Am 29.06.2022 veröffentlichte die Landesbeauftragte für Datenschutz und Informationsfreiheit Nordrhein-Westfalen (LDI NRW) ihren 27. Tätigkeitsbericht für den Zeitraum vom 01.01. bis zum 31.12.2021.

In diesem hob die LDI NRW auf Seite 30 etwas hervor, was durch Inkrafttreten des TTDSG Ende letzten Jahres längst Einzug in unsere Gesetze gefunden hat, aber an vielen vorbei gegangen ist:

„Videokonferenzdienste, die bis zum 1. Dezember 2021 als Telemediendienste eingeordnet wurden, sind nunmehr als Telekommunikationsdienste zu bewerten. Das führt unter anderem dazu, dass Stellen, die Videokonferenzdienste einsetzen, keinen Auftragsverarbeitungsvertrag mehr mit den Videokonferenzanbieter*innen abschließen müssen und für die aufgrund der Übertragung des Videochats verarbeiteten personenbezogenen Daten nicht mehr verantwortlich sind.“

Über einige Neuerungen, die das TTDSG mit sich brachte, haben wir bereits an anderen Stellen berichtet:

TTDSG – Gesetz mit Auswirkungen auf den Datenschutz? Ein erster Überblick

Das TTDSG tritt in Kraft: Neue Regeln beim Betreiben der Website?

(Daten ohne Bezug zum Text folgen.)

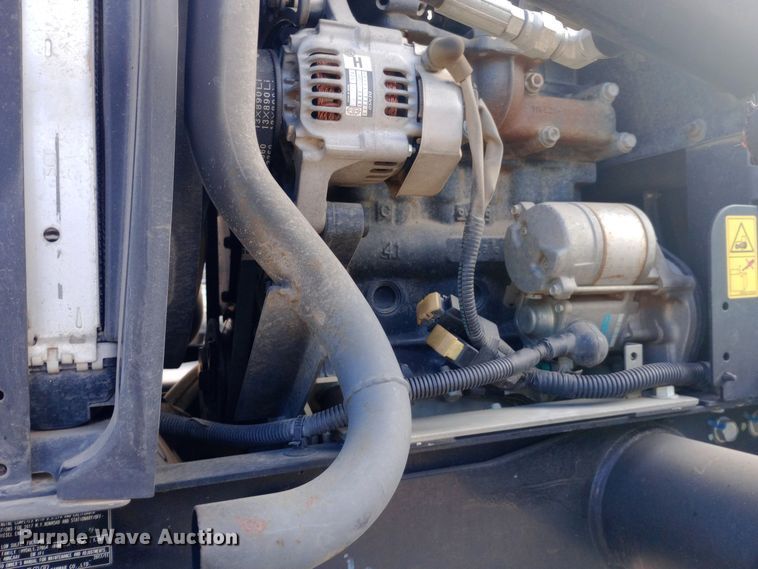 image for item EN8673 2017 Yanmar SA24 MFWD tractor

Nach Einordnung der LDI NRW wären öffentliche Stellen und Unternehmen somit zum einen nicht mehr Verantwortliche i. S. d. Art. 4 Nr. 7 DSGVO, was wiederum eine Auftragsverarbeitung ausscheiden ließe und den Abschluss eines Auftragsverarbeitungsvertrages entbehrlich machte. Zum anderen wäre der Bundesbeauftragten für den Datenschutz und die Informationsfreiheit (BfDI) nunmehr in Bezug auf den Einsatz von z. B. Google Meet, Microsoft Teams oder Zoom (sog. OTT-Dienste/interpersonelle Kommunikation) zuständig, anstatt die Aufsichtsbehörden der Bundesländer.

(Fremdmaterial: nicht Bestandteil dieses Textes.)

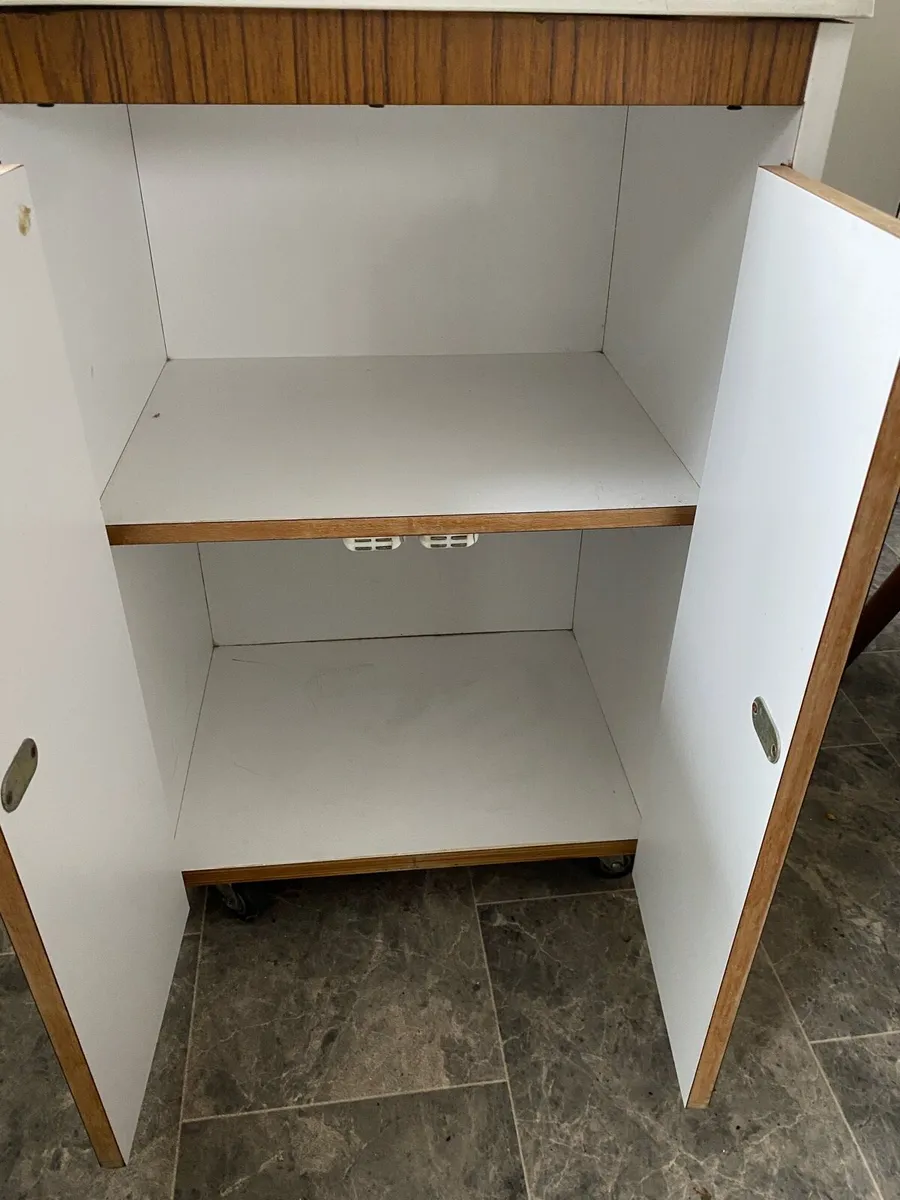 Free furniture - Image 3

Die LDI NRW schließt sich damit zwar der Ansicht des EDPB an, welcher in seinen Guidelines (07/2020 on the concepts of controller and processor in the GDPR, Seite 12 ff.) ebenfalls TK-Diensteanbieter bei der Erbringung ihrer Dienste als Verantwortliche im Sinne der DSGVO einstufte.

Diese Einordnung von Videokonferenz-Tools eröffnet jedoch mehr Fragen, als sie beantwortet. Was genau ist mit Daten „aufgrund der Übertragung des Videochats“ gemeint? Und was ist ein „Videochat“ überhaupt? Wie ist in Bezug auf die weiteren Funktionen, wie der Speicherung der Aufnahmen oder sogar etwaigen Auswertungen, vorzugehen? Sind diese Teil des TK-Dienstes oder unterliegen sie doch wiederum der DSGVO?

Zudem fühlen sich andere LfDIs sehr wohl weiterhin zuständig, wie z. B. an der Aussage des Hessischen Landesdatenschutzbeauftragten Prof. Dr. Alexander Roßnagel in Bezug auf die Zulässigkeit Zooms an hessischen Hochschulen zu erkennen ist (wir berichteten).

Sofern die Videokonferenzanbieter*innen neben der schlichten interpersonellen Kommunikation weitere Dienste anbieten bzw. implementieren, sollten daher weiterhin Auftragsverarbeitungsverträge geschlossen werden, bis diese Fragen abschließend geklärt sind.